**The task:**
Please restate the data that follows word for word, with the pictures left out.

[[ Information supplied open ]]

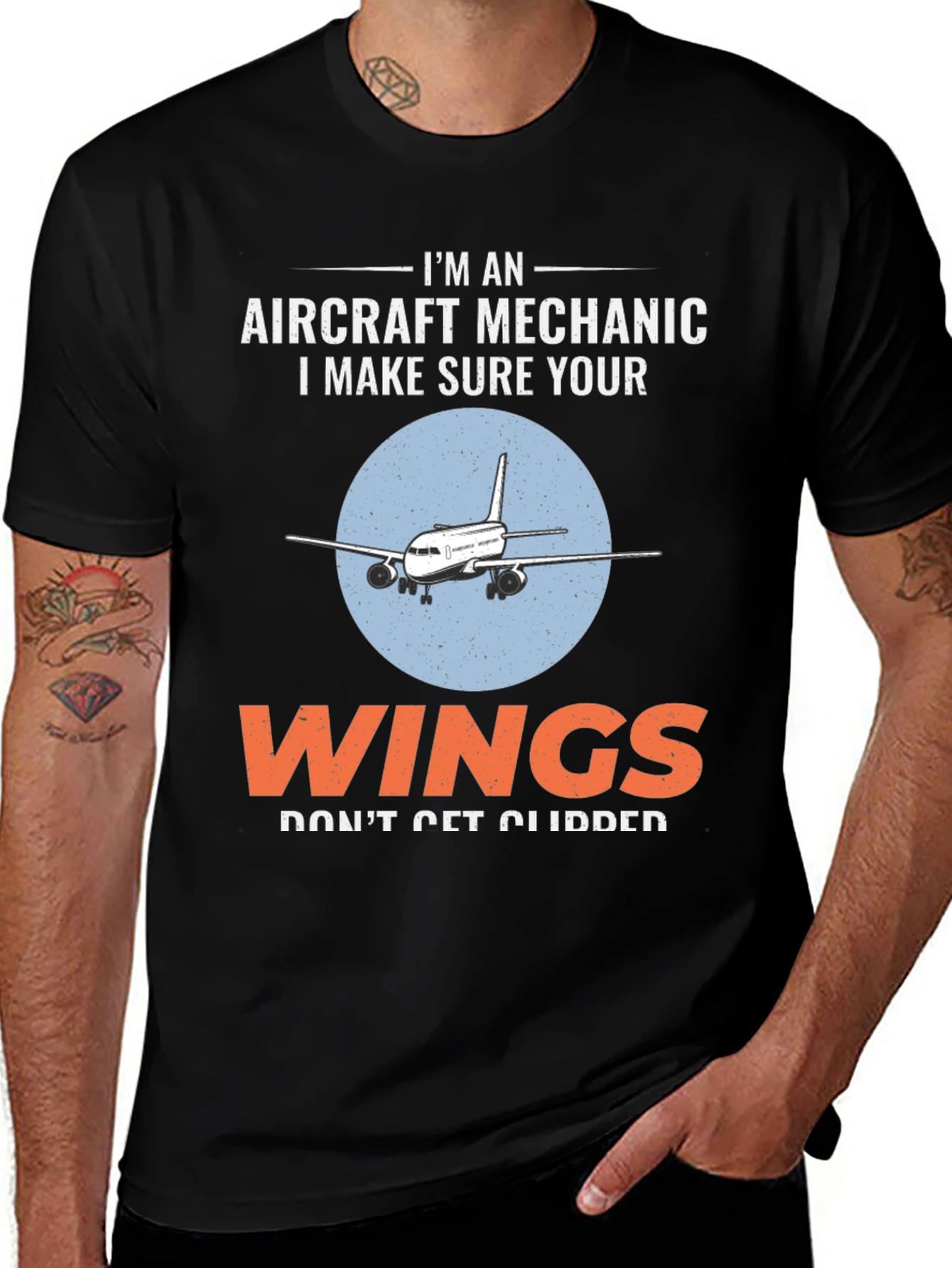 Aircraft Mechanic T-Shirt - Wings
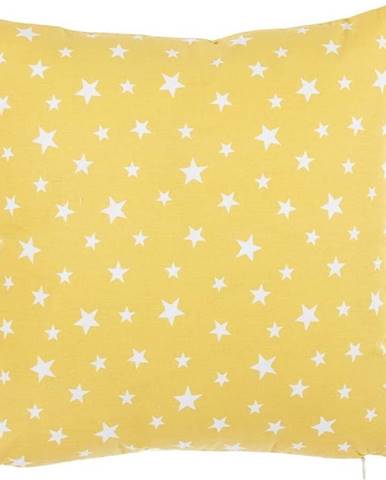 Žlutý bavlněný povlak na polštář Mike & Co. NEW YORK Rujo, 35 x 35 cm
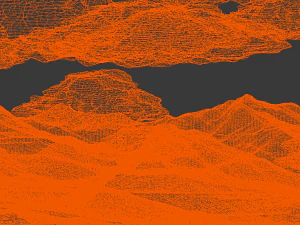 frosty mountains 3D Model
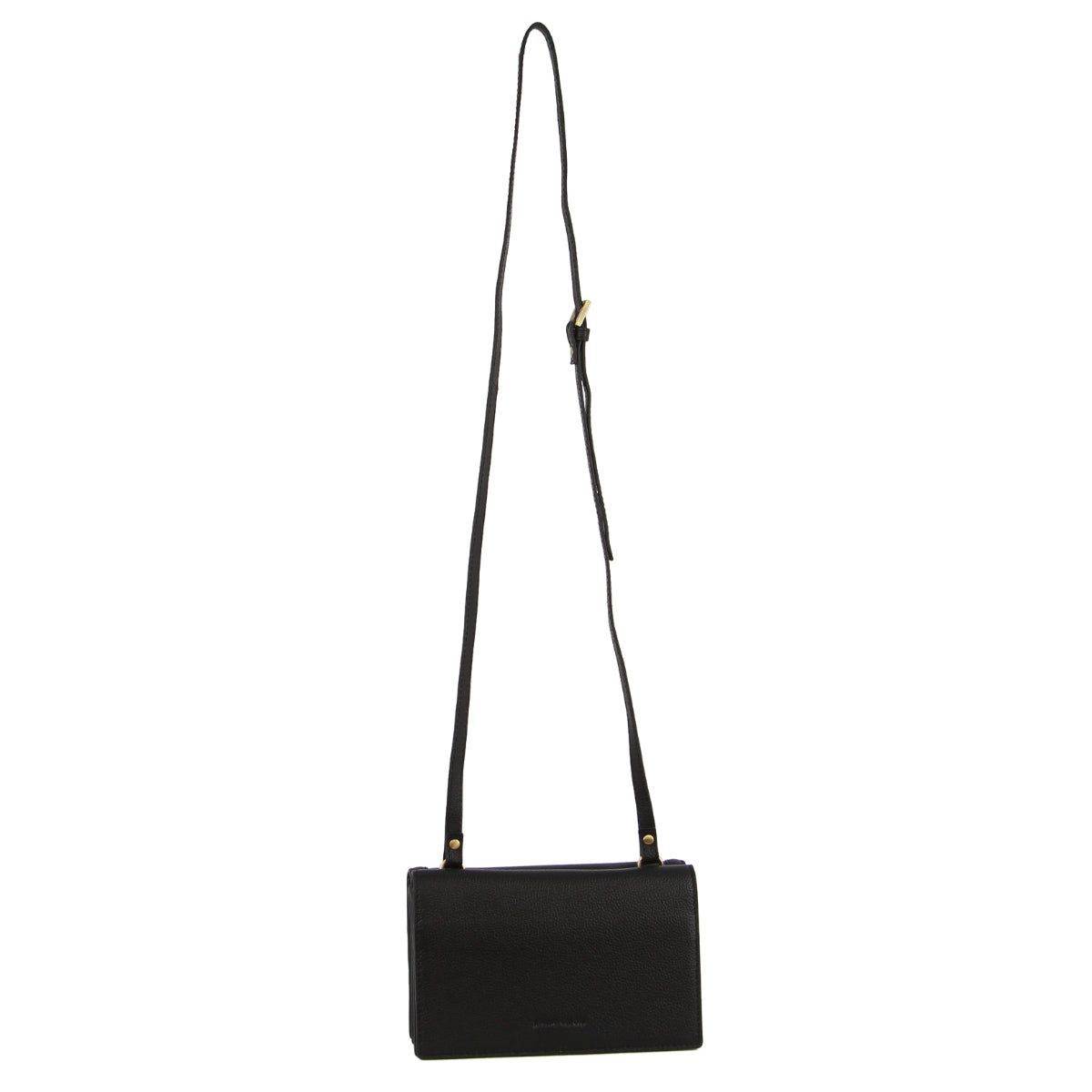 Bolsas Hombro Pierre Cardin Leather Flap Over Cross-Body Bag Mujer Negras | FWXR-63451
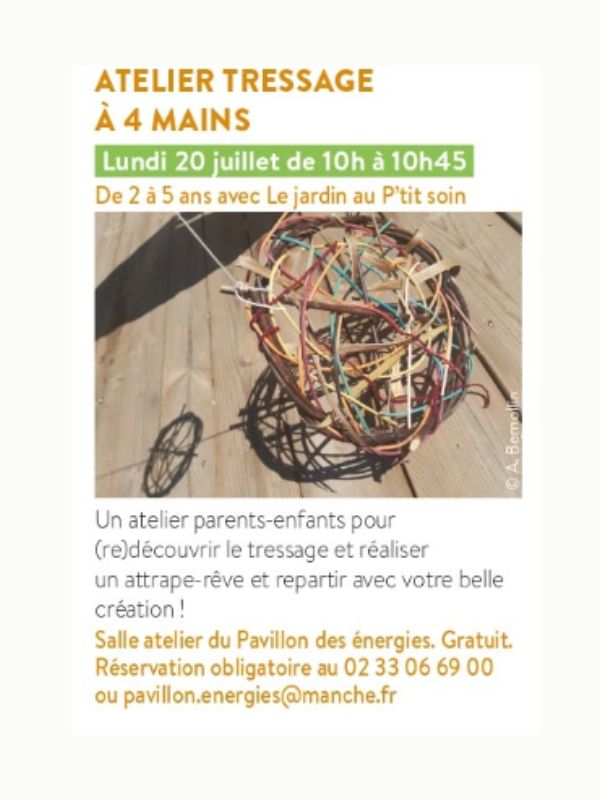 Atelier tressage à 4 mains Saint-Lô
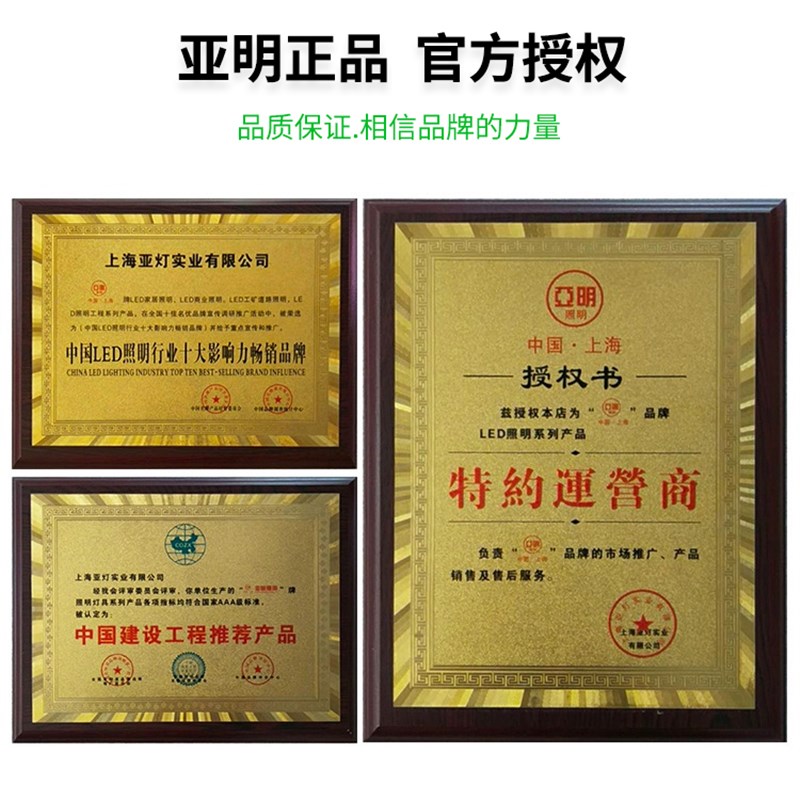 速发上海亚明投光灯50w100w200w户外防水超亮泛光灯射灯工程防雷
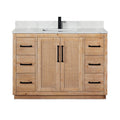 Altair Designs 48" single vanity with top - 561048-LB-CWQ-NM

[[ Information supplied closed ]]

**Solution:**
 Aircraft Mechanic T-Shirt - Wings
 Žlutý bavlněný povlak na polštář Mike & Co. NEW YORK Rujo, 35 x 35 cm
 frosty mountains 3D Model
 Bolsas Hombro Pierre Cardin Leather Flap Over Cross-Body Bag Mujer Negras | FWXR-63451
 Atelier tressage à 4 mains Saint-Lô
 速发上海亚明投光灯50w100w200w户外防水超亮泛光灯射灯工程防雷
 Altair Designs 48" single vanity with top - 561048-LB-CWQ-NM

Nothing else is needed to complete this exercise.